===== Information shown
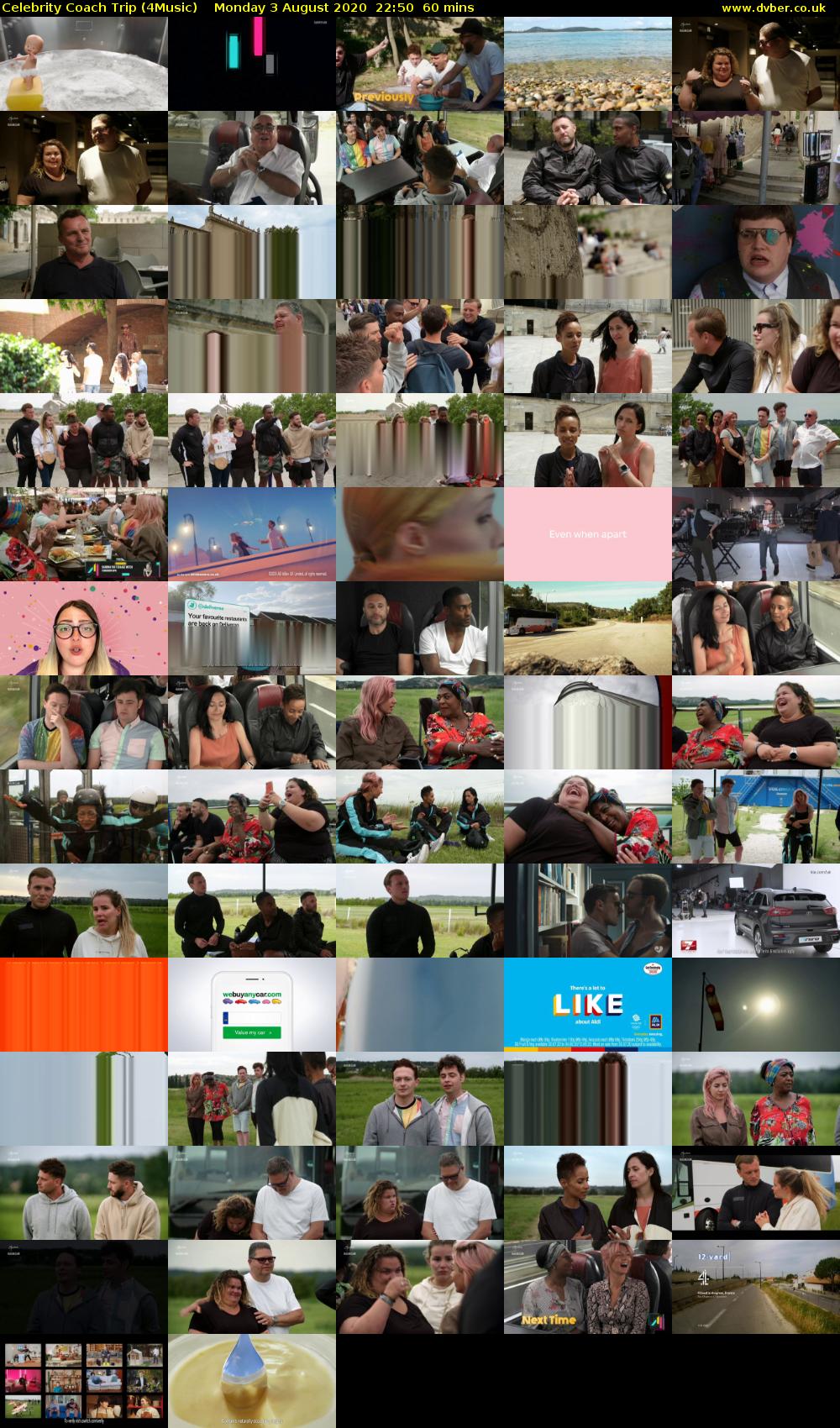 Celebrity Coach Trip (4Music) Monday 3 August 2020 22:50 - 23:50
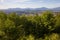 Skyline of Burlington and Mount Vernon in Washington. View from Little Mountain Park during Summer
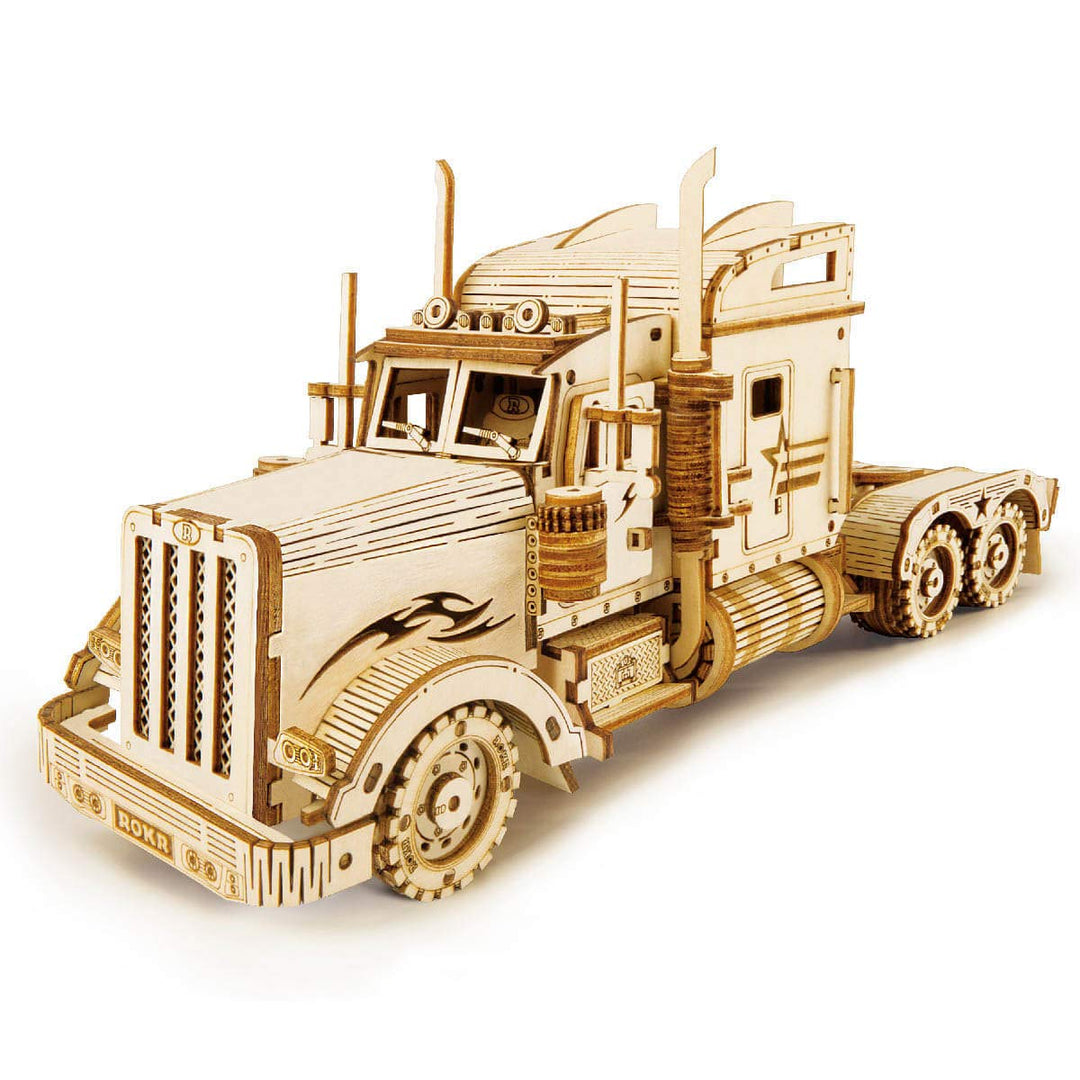 ROKR Car Wooden Model kit For Adult - Truck Model Building Kits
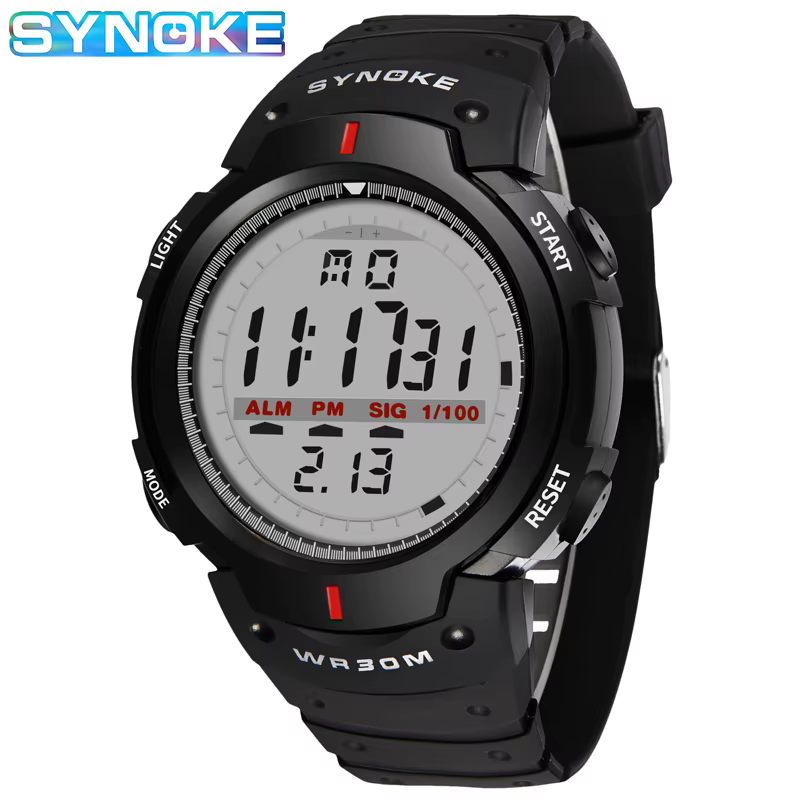 SYNOKE – Montre-bracelet de sport pour hommes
==========
Exactly the lines from the one containing "ROKR Car Wooden" through the last line of the data above should be output, both ends included, with every picture left out.

*Answer section*:
 ROKR Car Wooden Model kit For Adult - Truck Model Building Kits
 SYNOKE – Montre-bracelet de sport pour hommes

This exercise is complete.